Sono sollevato per il fatto che nonostante si sia prodigata, in questi ultimi anni, a dire tutto il male possibile dell’Islam e dei musulmani, non sia riuscita a beccarsi la tanto agognata fatwa, che altri sono costretti ad inventarsi, bensì solo la regolare denuncia di un provocatore mediatico, tra l’altro accolta e conclusasi con il suo rinvio a giudizio proprio nel suo paese, senza che possa avere la soddisfazione di essere prosciolta.
Sono sollevato perché prima di morire ha subito l’ultimo affronto, così civile nella sua concezione, così elegante dal punto di vista simbolico, ovvero quella cermonia di “premiazione musulmana”, quella “Mezzaluna d’Oro” che tanto scalpore destò, essendosi svolta nella sede del Comune che si era sempre rifiutato di premiarla.
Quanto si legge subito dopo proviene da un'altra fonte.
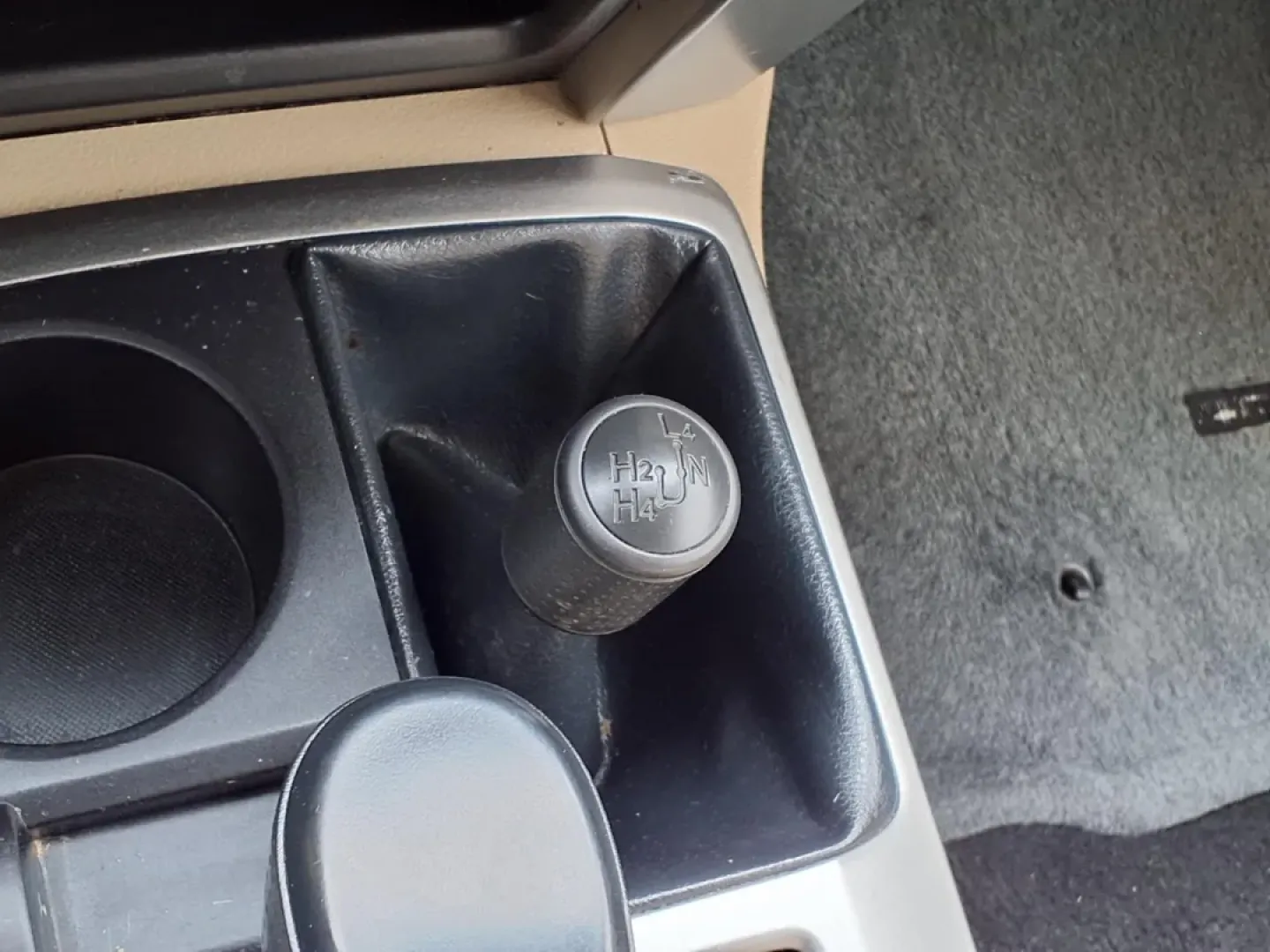 2012 Toyota 4RUNNER SR5 (JTEBU5JR9C5) with an 4.0L engine, Automatic transmission, located at 1401 N. Hobart, Pampa, TX, 79065, (806) 665-9872, 35.549953, -100.975098 - Built for Texas-size weekends and everyday reliability, this 2012 Toyota 4Runner SR5 is the kind of SUV that fits real life in the Texas Panhandle-school drop-offs, long commutes, and spontaneous road trips with plenty of cargo. Finished in classic WHITE and powered by a proven 4.0L gas V6 with an a - Photo#9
Sono sollevato perché non ha mai avuto il Fiorino della sua città – forse glielo daranno postumo – così come non è mai stata accolta la richiesta di nominarla Senatrice a vita. Due onori che lei diceva di non volere ma che sicuramente non le sarebbero dispiaciuti, egocentrica e arrogante come era.
Sono sollevato perché dopo il circo mediatico che si sta consumando in questi giorni, in cui vengono riproposte le sue tesi e i suoi articoli più aberranti e in cui viene spacciata come “un esempio per tutti noi”, non ritroveremo più quattro pagine che incitano all’odio sul Corriere o su Panorama, o un nuovo manifesto razzista edito dalla Rizzoli: ci accontenteremo degli editoriali e dei libri di Magdi Allam che oggi tenta di riempire il vuoto attaccando persino i “cosiddetti moderati”, ma che fortunatamente non ha – né mai avrà – la “fama” o l’ “autorevolezza” della Fallaci, condannato come è dal suo nome arabo e dalle sue origini islamiche, che lei stessa mise sotto accusa, fino a ridicolizzare persino la sua persona e a snobbare la sua “lettera aperta”.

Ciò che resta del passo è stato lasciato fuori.